Ideal Aerosmith
  Setting the Future in Motion.

Customer Login

This page is no longer up to date.  Please visit our new website site here.

Ideal News

Additional Ideal News

John M. Carter Celebrates 90th Birthday

Oct 29, 2008

 The John M. Carter Story
by Terry Finn


John Merriken Carter works at Ideal Aerosmith in Menlo Park, California.

He celebrated his ninetieth birthday on October 19, 2008.

John’s grandfather, John Merriken Carter, born in 1843, was an attorney who served as the Secretary of the State of Maryland while in his twenties during the American Civil War. He was instrumental in financing the Maryland Institute of Fine Arts. To this day, a photograph of him as former President greets people when they visit the Conference Room of the Institute.

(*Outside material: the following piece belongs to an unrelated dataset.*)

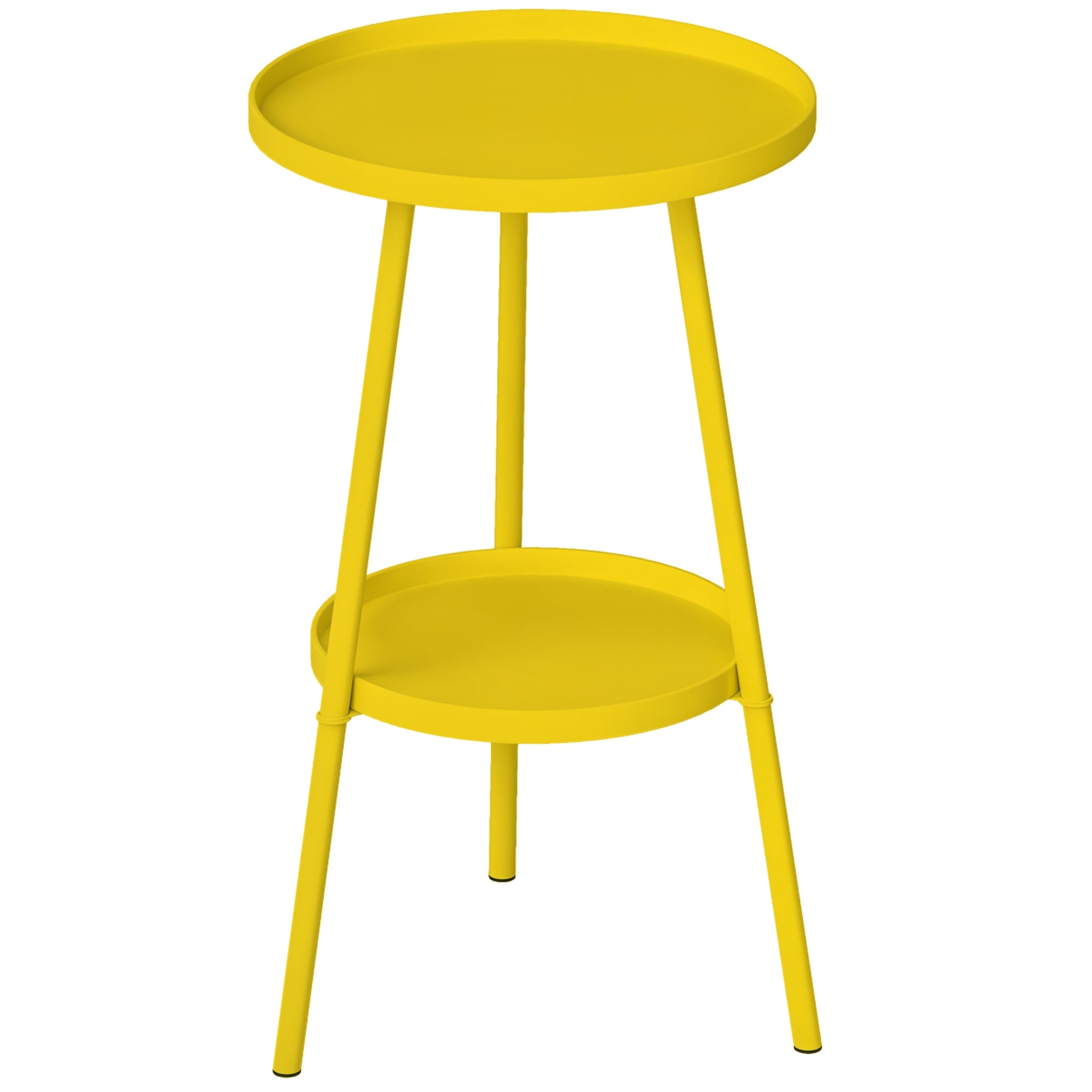 Mały okrągły stolik pomocniczy 2-poziomowy, stolik ogrodowy na patio, do salonu, na balkon, metalowy, Ø 32 x 51 cm, żółty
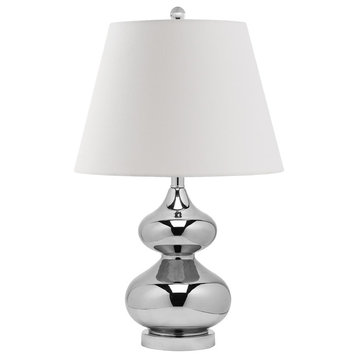 Safavieh Eva Double Gourd Glass Lamp, Silver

John is proud to be the fifth great-grandson of Colonel George Ross of the American Revolutionary Army. Ross, from Pennsylvania, was one of the signers of the Declaration of Independence. George Ross’s nephew married Betsy Ross, who sewed the first American flag. A wooden table with a drop-leaf feature, once owned by George Ross, is now in John’s home.

John’s birthplace was Baltimore County, Maryland, which later became part of the City of Baltimore. His father, David Carter, was in the lumber business. He cut the trees, milled the wood, then marketed the wood products for hardwood floors, furniture, and special wooden cabinets that Philco used for the radio installations they sold throughout the country. John remembers that his father would bring home some black walnut lumber, hand it over to him, and say, “Let’s see what you can make out of this.”

John’s mother, Mary Rowland (Hopkins) Carter, was from a small community in northern Maryland known as Port Deposit on the Susquehanna River. She met David Carter at Ocean City, Maryland, on a summer day at the beach. They were married in Port Deposit in 1906.

John was the youngest of four children born to Mary and David. His oldest sister was born in 1908, a brother came along in 1911, and a second sister in 1916. John’s brother David served as a U.S. Army Captain and was caught up by the Japanese in the “Bataan” death march in the Philippines. An American submarine torpedoed and sank the enemy ship that was later transporting David to Japan as a captive.

John attended the Baltimore Polytechnic Institute. This was an all-boys high school, in which the passing grade was seventy percent. John excelled at Poly and earned a membership in its Honor Society. He enjoyed membership in the school radio club and earned his amateur radio license W3ELO in March, 1934.

He still holds the same radio call sign today. The CW speed required at that time was only ten words per minute.

During the summers, John took a job with the Baltimore Gas and Electric Company as a draftsman and customer service representative. His mission was to prepare the customer bills from the meter-readers’ reports.

John’s teenage years were full of mischief. While playing with his CW key, it almost electrocuted him, and his father was furious because the subsequent relay made too much noise in the middle of the night. His rig overwhelmed the electrical power at his parents’ home, and the lights flashed as he happily carried on transmitting to a ham in Australia. He built a radio that enabled him to hear pioneer Pittsburgh radio station KDKA, one of the first radio stations in the country. At seventeen, John lied about his age and joined the Maryland National Guard. He worked diligently through the ranks and earned a 2nd Lt. commission in the Field Artillery.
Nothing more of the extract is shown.